There's a quote that always stuck with me since the very old days:
"Once you put something online, it's there forever"
I wished this was true, because over the years a lot of absolutely valuable content had disappeared. Such content could be an insightful blog, a unique video, an exciting project or even whole communities.
They were things that I found easy to digest, made in a format that reasonated with me, and felt so valuable that I was sure they would remain online somewhere forever. It's heartbreaking to find out that content could permanently vanish, and somehow nobody managing to back it up. The only thing remaining being a vague idea of what it was back then, forcing me to try and attempt to link the pieces of concepts I still remember just to recreate something that was originally perfectly presented. Even after figuring out the crux of a vanished content, the end-result is always a poor imitation of the original. It's like trying to recite a book from memory vs reading the actual book.
It is no surprise that most websites through the lens of a search engine are all breeding ground for ads. The internet, an undying source for endless knowledge, has been slowly and silently decaying from its core. The grand archiving efforts from sites like webarchive can only go so far back before gaps start appearing, and I doubt they'll be able to scale indefinitely. I wonder, how much SEO traps are they archiving? How about the AI slop?
This is where the AI (or more precicely LLM) comes in. These big companies, with their insatiable hunger for content and complete disregard for any rules, are all trying to build the largest model possible. In some twisted way, they are actually building the biggest and most compact archive the world has ever seen.

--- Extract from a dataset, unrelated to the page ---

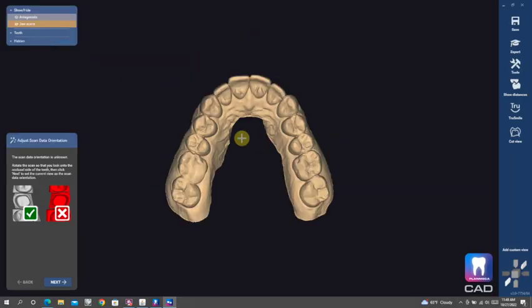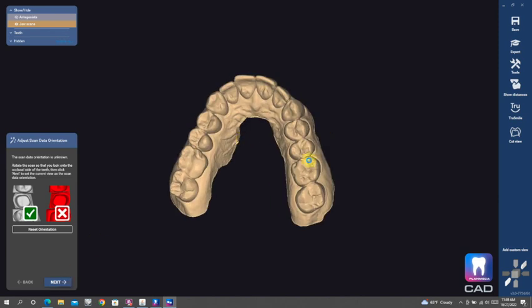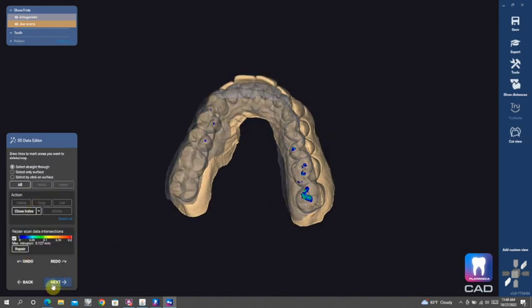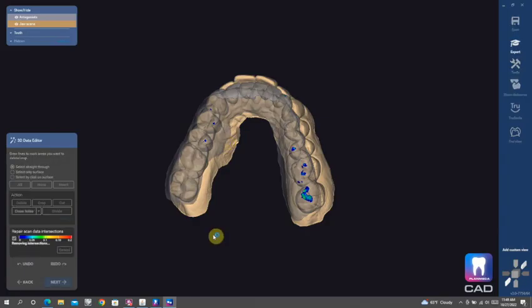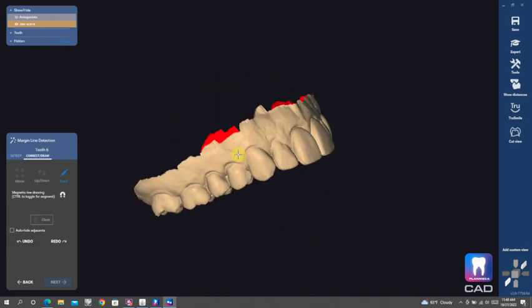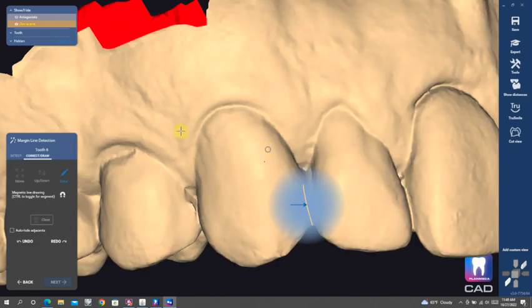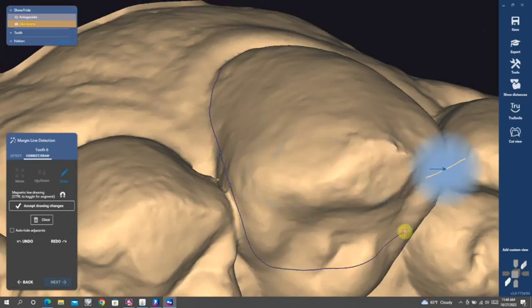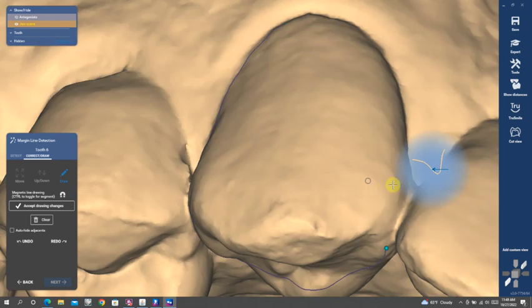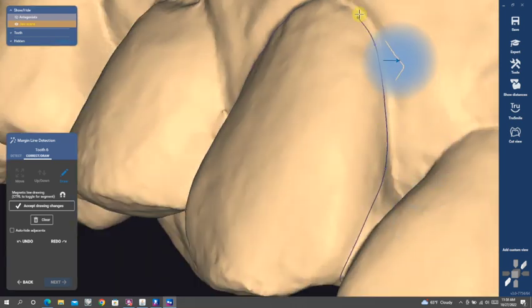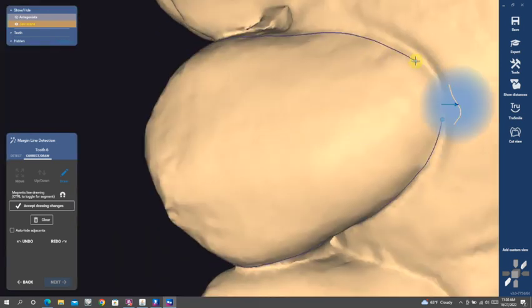That's basically how far from your finish line the cement gap begins. So getting started, we're just importing our scans. I did this on myself. And as I'm marking a margin, I'm doing it kind of like a crown and I'm trying to tuck those finish lines into the embrasures a little bit.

So far, LLMs have managed to fill in the gaps of content I was missing. Perhaps someone did backup the content I was looking for, but they did it in another language, in some obscure source. Or maybe LLMs are just that good at linking things together and delivering them in my preferred format. In any case, after providing vague hints and ideas, it managed to rebuild some of the content I thought I would never find back.
Despite all the bad things these AI companies are doing, they're at least doing one good thing for the future: condensing all knowledge.